Supreme Court Decision
On June 25, 2007, the Supreme Court issued a decision upholding the District Court ruling that the EC financing restrictions of the Bipartisan Campaign Reform Act were unconstitutional as applied to WRTL's ads. The Supreme Court also rejected the FEC's argument that the case was moot.
Mootness. The FEC argued that the cases involving WRTL's ads were moot because the 2004 election has passed and WRTL has no continuing interest in running its ads. The Court rejected this argument, noting that the case fits within the established exception to mootness for actions "capable of repetition, yet evading review." The Court noted that WRTL could not have obtained complete judicial review of its claims in time to air its ads in the period prior to the 2004 election and that WRTL had credibly claimed that it intended to run materially similar ads during future EC periods.
Electioneering communication financing restrictions unconstitutional "as applied" to WRTL ads. The Court rejected the FEC's argument that WRTL has the burden of demonstrating that the EC provisions are unconstitutional as applied to its ads. The Court reasoned that the EC provisions burden political speech and, as such, are subject to strict scrutiny. Therefore, the government must prove that applying the EC provisions to WRTL's ads "furthers a compelling governmental interest and is narrowly tailored to achieve that interest." The Court stated that while in McConnell v. FEC the EC provisions had satisfied the standard of strict scrutiny for the regulation of express advocacy and its functional equivalent, the Court in McConnell did not formulate a test for future as-applied challenges. The Court rejected the use of an intent-and-effect test for determining when an ad is the functional equivalent of express advocacy and instead explained that the inquiry should focus on the substance of the communication.
The Court found that WRTL's ads may reasonably be interpreted as something other than an appeal to vote for or against a specific federal candidate and, as such, did not constitute the functional equivalent of express advocacy.

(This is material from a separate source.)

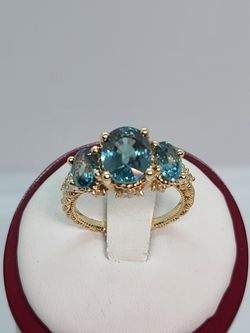 14k gold blue topaz and diamond ring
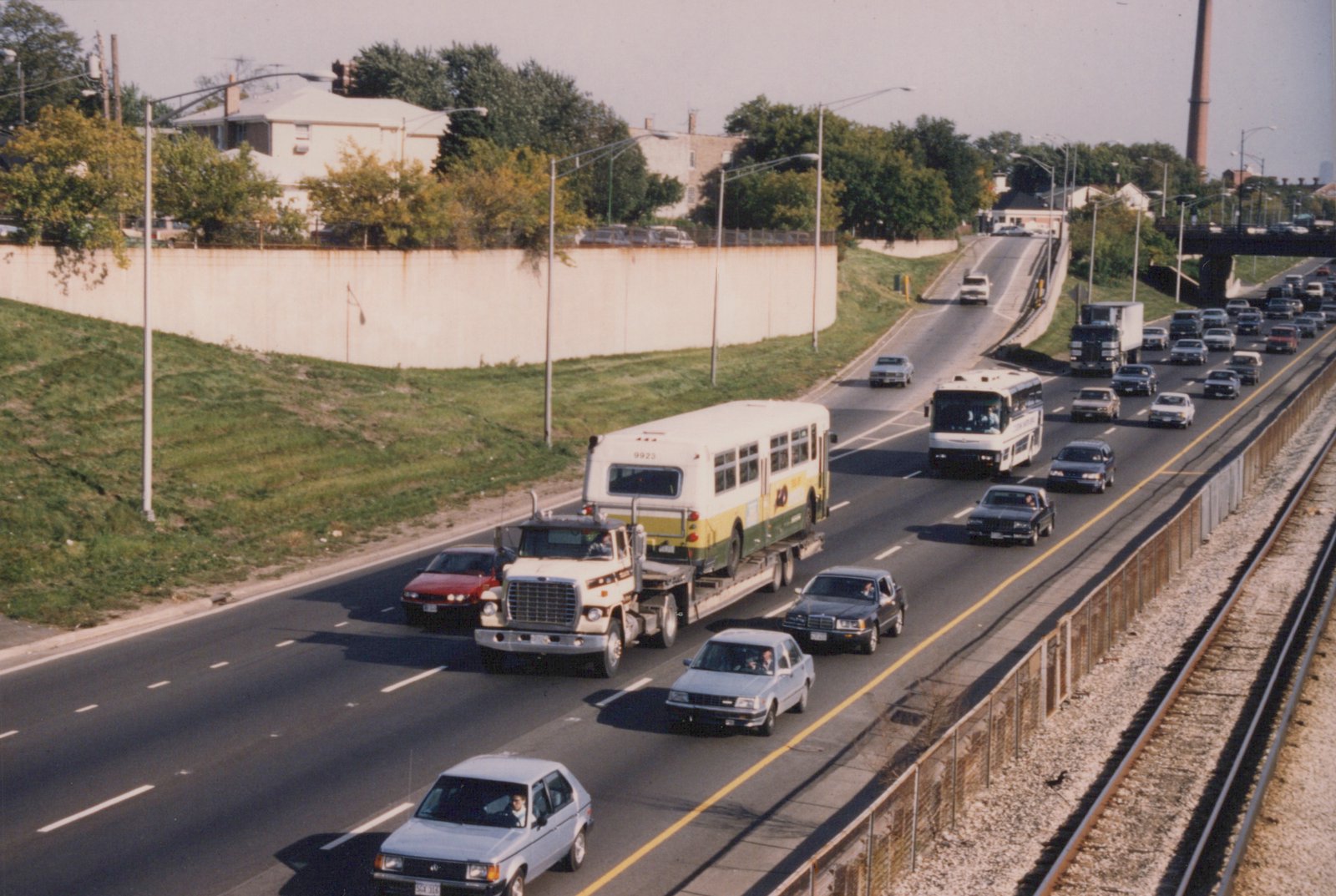 A white and green Chicago Transit Authority bus is on a flatbed truck on a multi-lane highway, surrounded by 1980s cars and a motor coach, with railroad tracks visible on the right.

The Court noted that the content of the ads was consistent with that of a "genuine issue ad" focused on a specific legislative issue and urging the public to take action regarding that issue. Also, the Court noted, the ads' content lacked "indicia of express advocacy" because they made no mention of "an election, candidacy, political party, or challenger . . . and [took no] position on a candidate's character, qualifications, or fitness for office."
In the decision, the Court cited its long recognition of the governmental interest in preventing corruption and the appearance of corruption in elections. The Court acknowledged that McConnell had upheld the EC financing restrictions on their face, but the Court determined that that anti-corruption interest did not justify application of the restrictions to the advertisements proposed by WRTL.
The Court concluded that because WRTL's ads are not express advocacy or its functional equivalent, and because the Court found no compelling governmental interest to justify the burden on WRTL's speech, the EC financing restrictions are unconstitutional as applied to these ads. The Court also noted that this case does not present the occasion to revisit McConnell's facial upholding of the EC financing restrictions.
1) Commission regulations provide an exception allowing "qualified nonprofit corporations" to pay for electioneering communications. 11 CFR 114.2(b)(2). However, WRTL alleges that it does not meet the definition of a qualified nonprofit corporation. 11 CFR 114.10.